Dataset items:
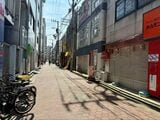 東口側の飲食店通り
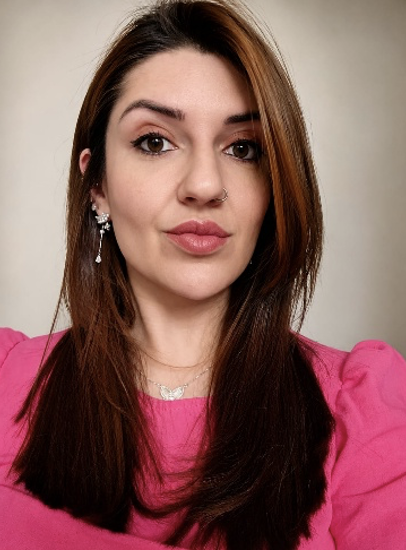 Aline Cristina Gavioli — CRP 06/164909 — Psicóloga Especialista Empresarial — RN 1 · Clínica Confortável Mente
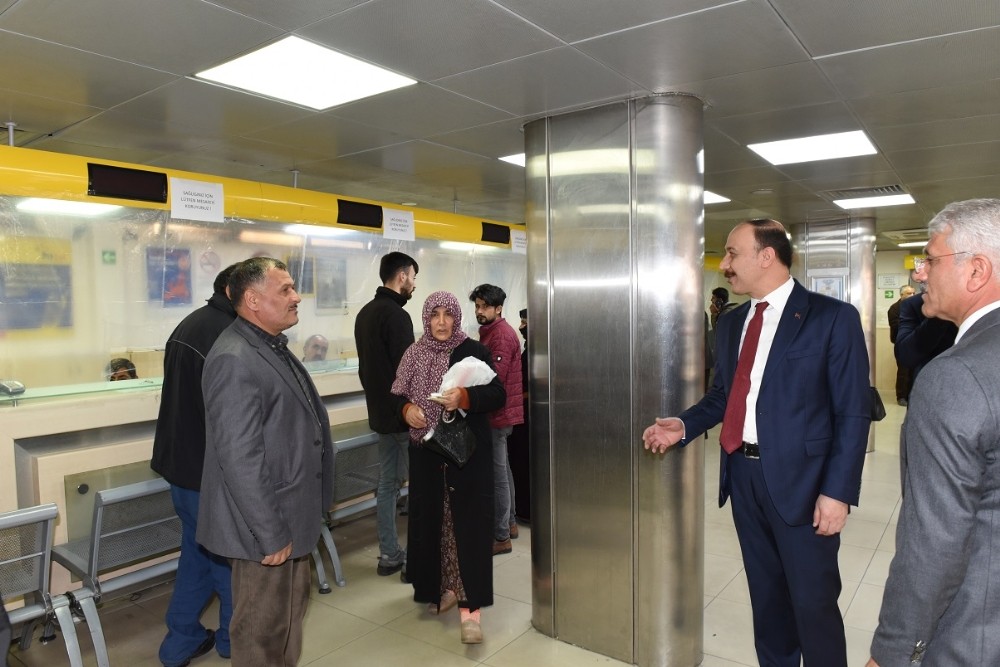 Vali Erin’den PTT İşlemlerinde sıralı sistem uyarısı 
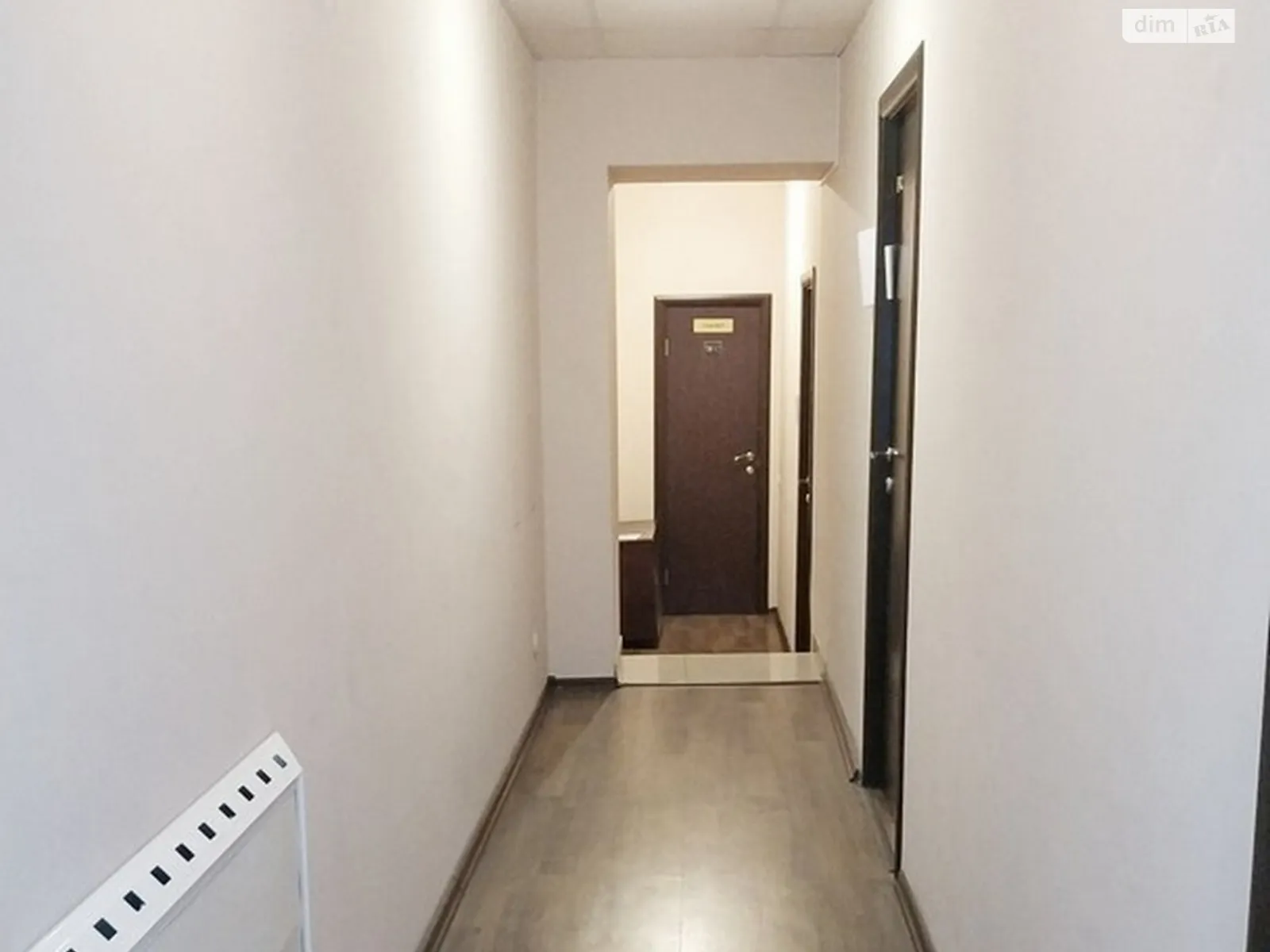 Сдается в аренду офис 27.25 кв. м в бизнес-центре, цена: 9640 грн - фото 1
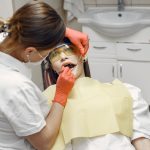 Curso para Auxiliar de Dentista: preciso de ensino médio?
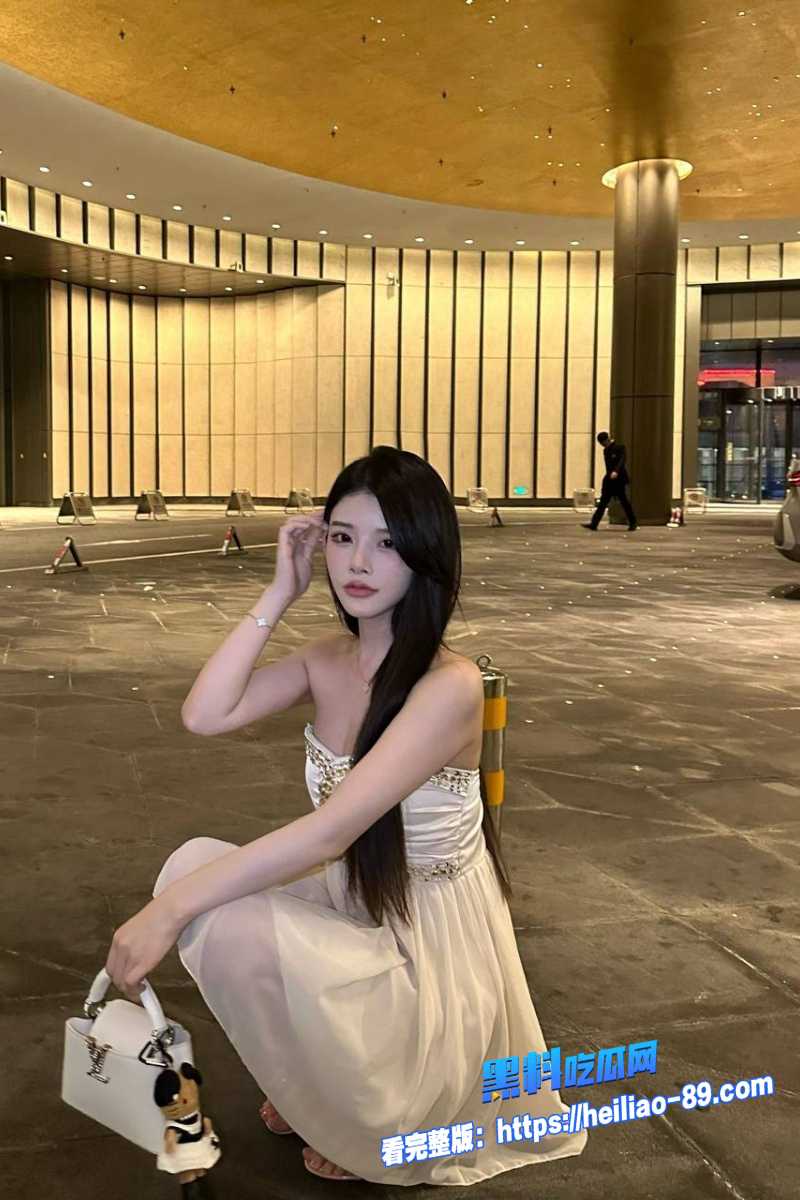 台湾巨乳网黄 洁妮 性爱视频流出 身穿性感女仆装被巨屌疯狂抽插 全程高潮不断！12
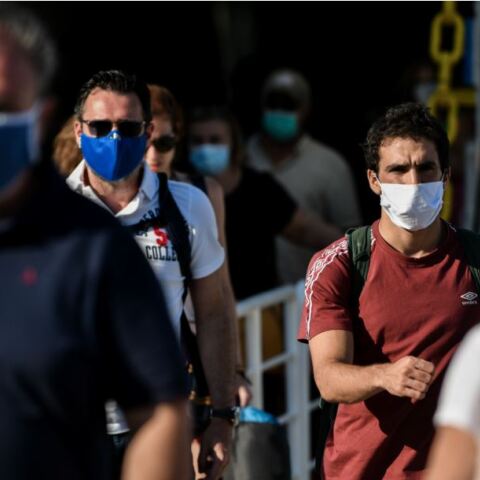 Άνθρωποι με μάσκα στην Αττική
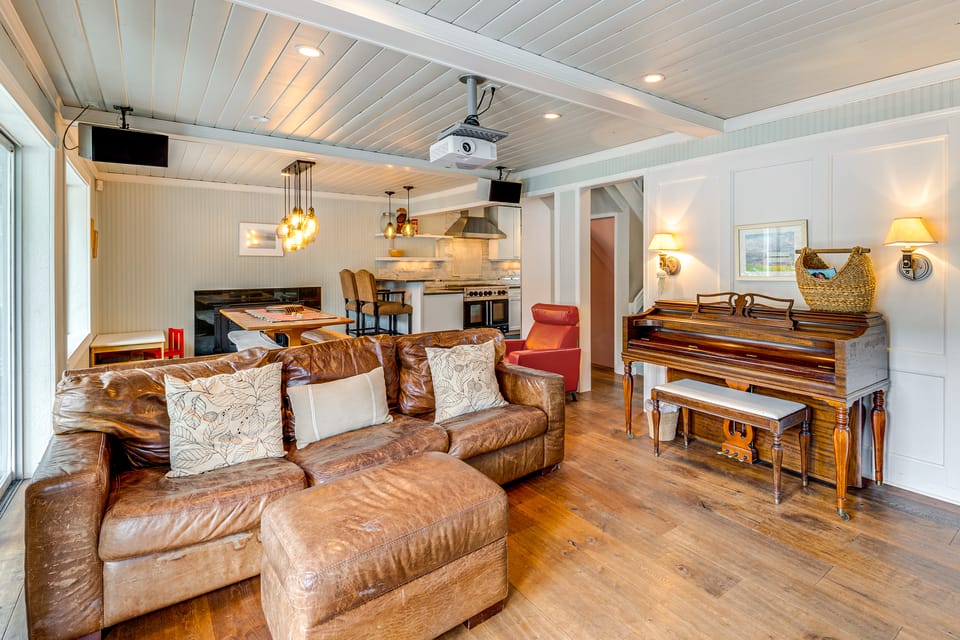 Waterfront Home on Lake Samish w/ Hot Tub & Dock! House in Washington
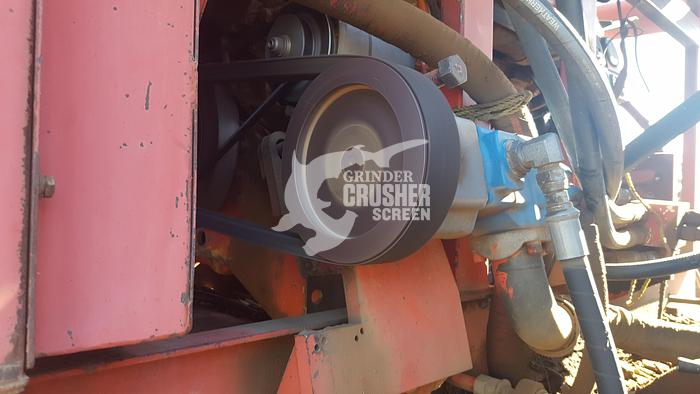 Used 2003 MORBARK 5600 - HORIZONTAL GRINDER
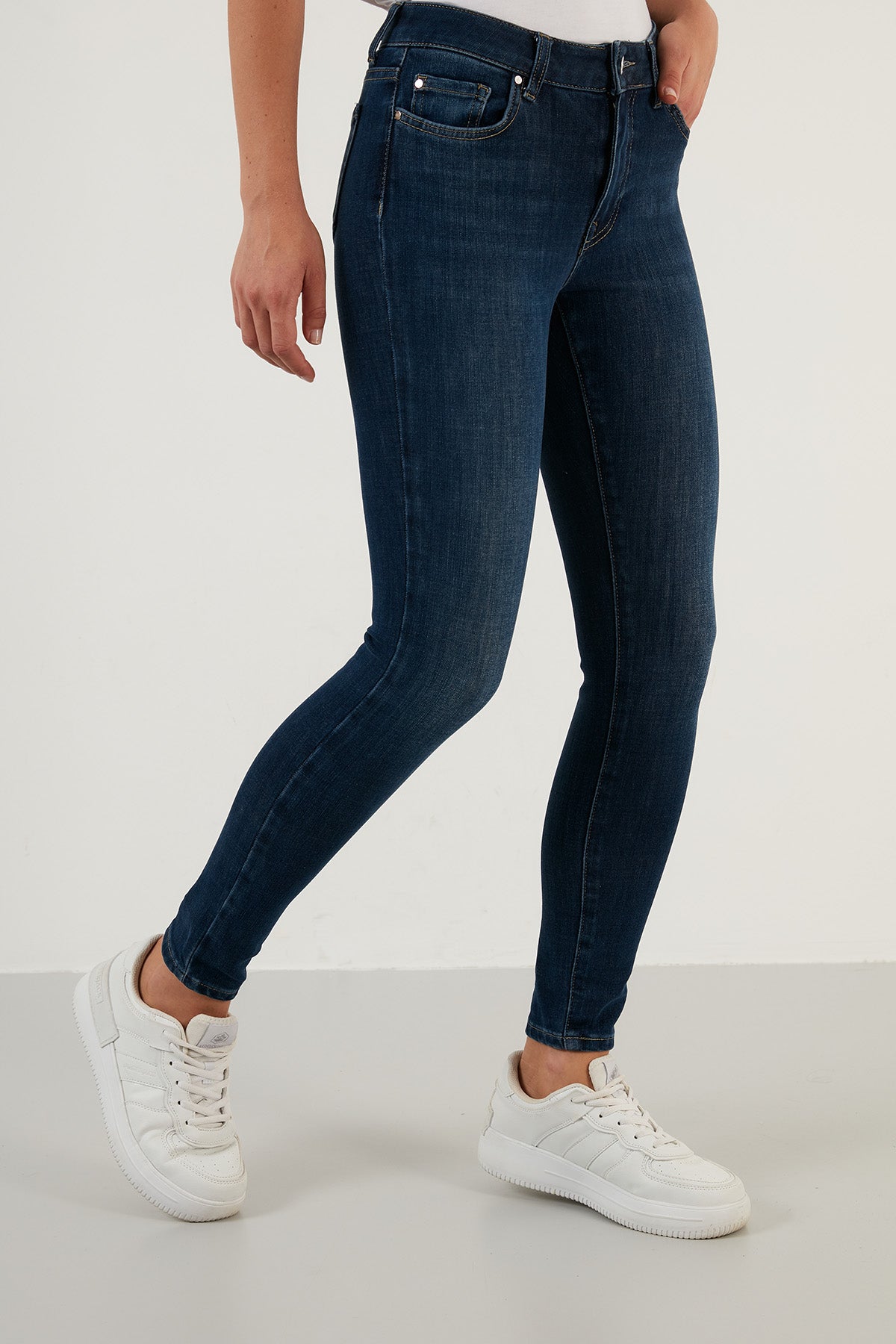 Lela Pamuklu Yüksek Bel Skinny Fit Dar Paça Jeans Bayan Kot Pantolon 639ISABEL KOYU MAVİ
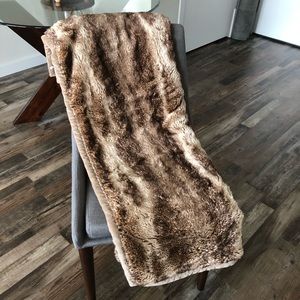 Pottery Barns Ombré Throw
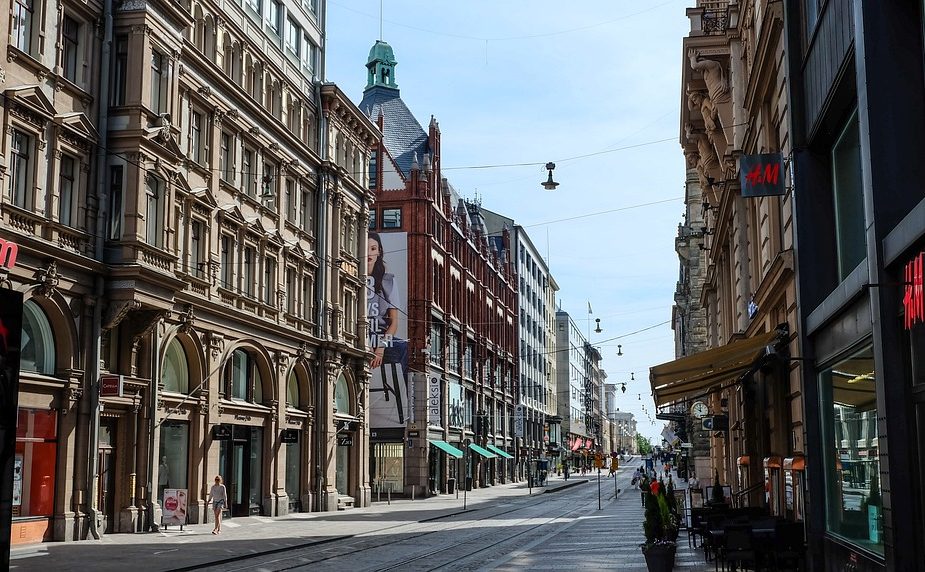 Улица Хельсинки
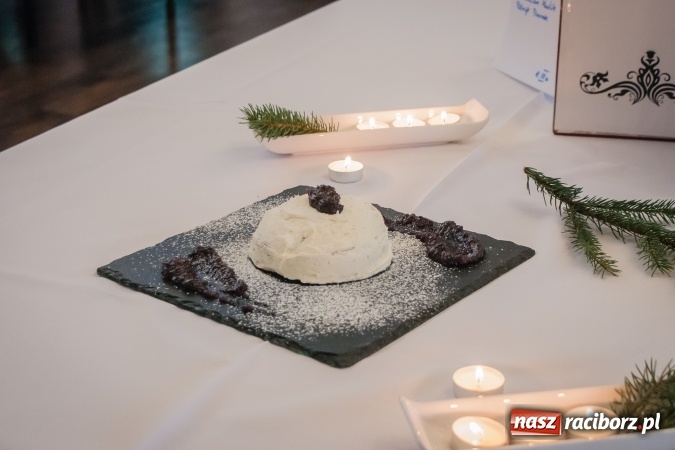 Zdjęcie w galerii na portalu naszraciborz.pl: Konkurs kulinarny Potrawy Wigilijne i Bożonarodzeniowe w CKZiU nr 1 wiadomości z regionu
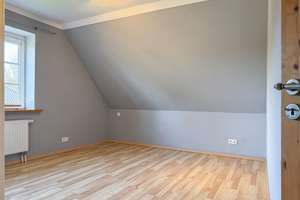 Tradition trifft Zukunft – 
Modernes Friesenhaus mit PV-Anlage im Grünen – Die vollständige Adresse der Immobilie erhältst du vom Anbieter., 25870 Oldenswort – Vorschaubild 9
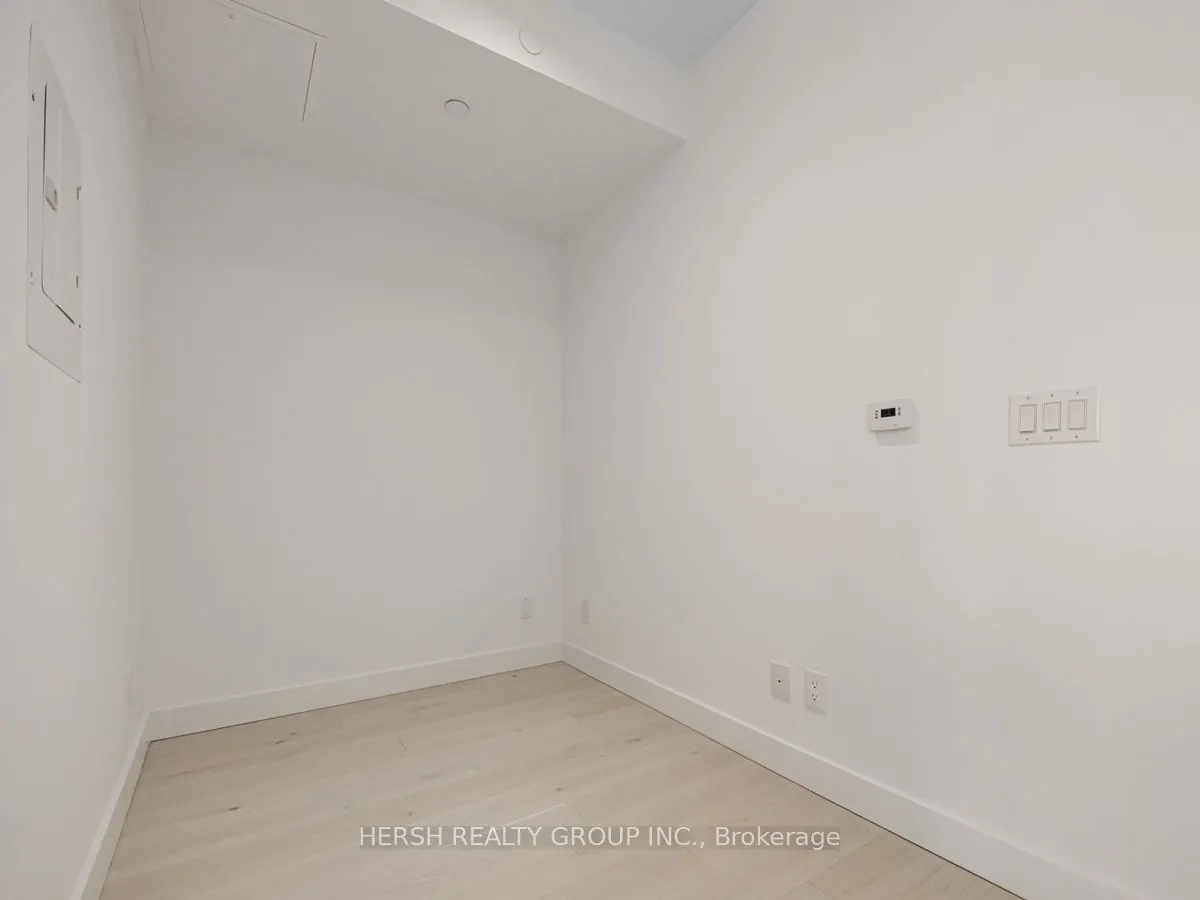 160 Kingsway Cres, #411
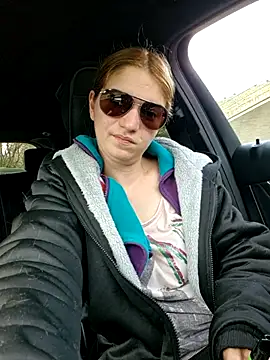 Mercedeswoman8 webcam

### REQUIRED ACTION
Start with the line that holds "Aline Cristina Gavioli" and retype each line through the last one in the data, exactly and without pictures.

### TASK RESULT
 Aline Cristina Gavioli — CRP 06/164909 — Psicóloga Especialista Empresarial — RN 1 · Clínica Confortável Mente
 Vali Erin’den PTT İşlemlerinde sıralı sistem uyarısı 
 Сдается в аренду офис 27.25 кв. м в бизнес-центре, цена: 9640 грн - фото 1
 Curso para Auxiliar de Dentista: preciso de ensino médio?
 台湾巨乳网黄 洁妮 性爱视频流出 身穿性感女仆装被巨屌疯狂抽插 全程高潮不断！12
 Άνθρωποι με μάσκα στην Αττική
 Waterfront Home on Lake Samish w/ Hot Tub & Dock! House in Washington
 Used 2003 MORBARK 5600 - HORIZONTAL GRINDER
 Lela Pamuklu Yüksek Bel Skinny Fit Dar Paça Jeans Bayan Kot Pantolon 639ISABEL KOYU MAVİ
 Pottery Barns Ombré Throw
 Улица Хельсинки
 Zdjęcie w galerii na portalu naszraciborz.pl: Konkurs kulinarny Potrawy Wigilijne i Bożonarodzeniowe w CKZiU nr 1 wiadomości z regionu
 Tradition trifft Zukunft – 
Modernes Friesenhaus mit PV-Anlage im Grünen – Die vollständige Adresse der Immobilie erhältst du vom Anbieter., 25870 Oldenswort – Vorschaubild 9
 160 Kingsway Cres, #411
 Mercedeswoman8 webcam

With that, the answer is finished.